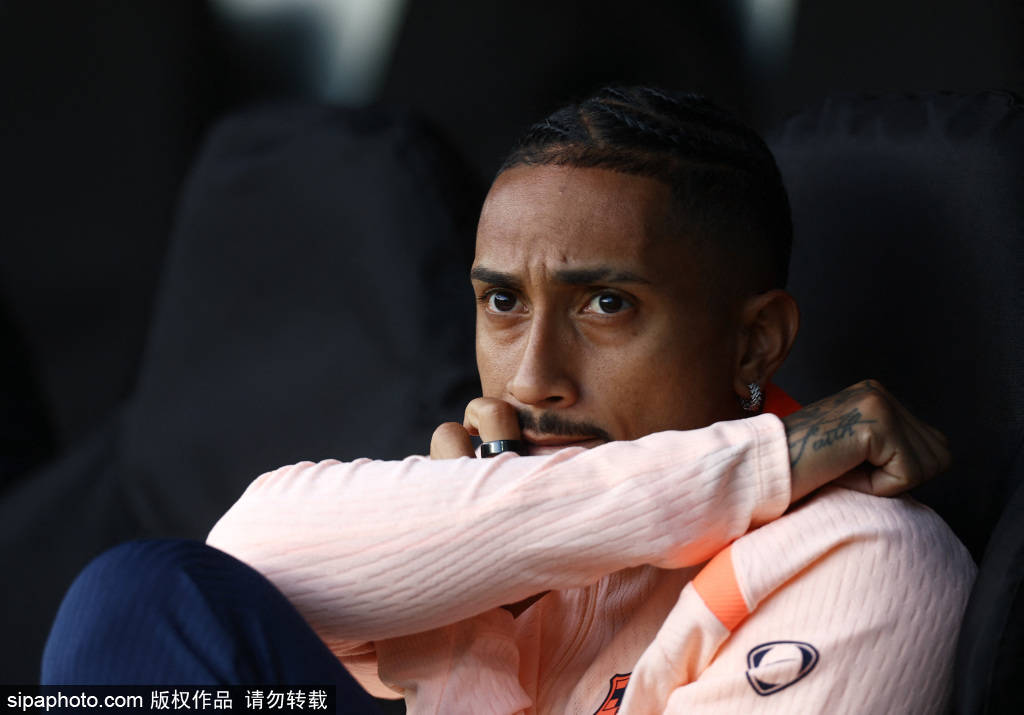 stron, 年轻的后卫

---

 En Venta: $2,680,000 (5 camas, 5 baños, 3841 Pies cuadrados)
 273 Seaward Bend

* **Work instruction**: Word for word, restate the lines above from the line containing "En Venta: $2,680,000" through the line containing "273 Seaward Bend", with both included and nothing else.

* **Written response**:
 En Venta: $2,680,000 (5 camas, 5 baños, 3841 Pies cuadrados)
 273 Seaward Bend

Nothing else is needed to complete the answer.